[PROMPT]:
Please output exactly the part of the records below that opens with the line containing "Finally, within the" and closes with the line containing "By the way, some", both lines included, and nothing else.

[SUPPLIED RECORDS]:
********************

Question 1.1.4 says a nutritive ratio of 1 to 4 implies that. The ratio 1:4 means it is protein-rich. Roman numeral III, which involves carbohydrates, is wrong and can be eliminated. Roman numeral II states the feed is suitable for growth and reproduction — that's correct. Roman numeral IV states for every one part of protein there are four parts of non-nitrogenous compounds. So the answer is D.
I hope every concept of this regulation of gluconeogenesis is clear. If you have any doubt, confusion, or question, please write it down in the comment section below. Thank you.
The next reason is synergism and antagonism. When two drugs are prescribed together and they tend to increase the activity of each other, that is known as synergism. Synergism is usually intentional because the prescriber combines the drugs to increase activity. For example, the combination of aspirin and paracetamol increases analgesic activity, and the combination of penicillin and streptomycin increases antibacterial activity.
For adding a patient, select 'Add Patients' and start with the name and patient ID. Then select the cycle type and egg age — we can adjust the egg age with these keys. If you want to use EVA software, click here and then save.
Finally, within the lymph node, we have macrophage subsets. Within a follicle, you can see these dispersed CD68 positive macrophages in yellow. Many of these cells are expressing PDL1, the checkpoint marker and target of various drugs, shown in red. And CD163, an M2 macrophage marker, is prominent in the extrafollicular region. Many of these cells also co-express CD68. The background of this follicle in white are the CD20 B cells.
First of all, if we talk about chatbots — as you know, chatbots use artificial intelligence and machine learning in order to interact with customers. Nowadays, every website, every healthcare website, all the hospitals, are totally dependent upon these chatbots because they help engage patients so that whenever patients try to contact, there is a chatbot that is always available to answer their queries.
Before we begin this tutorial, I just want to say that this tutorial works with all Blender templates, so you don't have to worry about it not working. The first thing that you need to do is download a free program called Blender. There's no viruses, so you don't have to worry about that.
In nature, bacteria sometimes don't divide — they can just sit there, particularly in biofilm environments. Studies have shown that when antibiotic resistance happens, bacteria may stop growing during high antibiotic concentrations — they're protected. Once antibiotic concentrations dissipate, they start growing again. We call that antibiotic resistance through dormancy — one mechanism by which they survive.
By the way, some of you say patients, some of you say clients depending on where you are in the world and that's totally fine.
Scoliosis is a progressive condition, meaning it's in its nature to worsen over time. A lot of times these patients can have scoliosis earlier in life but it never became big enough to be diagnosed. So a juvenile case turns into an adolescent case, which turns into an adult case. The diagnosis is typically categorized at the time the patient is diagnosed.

********************

[YOUR SOLUTION]:
Finally, within the lymph node, we have macrophage subsets. Within a follicle, you can see these dispersed CD68 positive macrophages in yellow. Many of these cells are expressing PDL1, the checkpoint marker and target of various drugs, shown in red. And CD163, an M2 macrophage marker, is prominent in the extrafollicular region. Many of these cells also co-express CD68. The background of this follicle in white are the CD20 B cells.
First of all, if we talk about chatbots — as you know, chatbots use artificial intelligence and machine learning in order to interact with customers. Nowadays, every website, every healthcare website, all the hospitals, are totally dependent upon these chatbots because they help engage patients so that whenever patients try to contact, there is a chatbot that is always available to answer their queries.
Before we begin this tutorial, I just want to say that this tutorial works with all Blender templates, so you don't have to worry about it not working. The first thing that you need to do is download a free program called Blender. There's no viruses, so you don't have to worry about that.
In nature, bacteria sometimes don't divide — they can just sit there, particularly in biofilm environments. Studies have shown that when antibiotic resistance happens, bacteria may stop growing during high antibiotic concentrations — they're protected. Once antibiotic concentrations dissipate, they start growing again. We call that antibiotic resistance through dormancy — one mechanism by which they survive.
By the way, some of you say patients, some of you say clients depending on where you are in the world and that's totally fine.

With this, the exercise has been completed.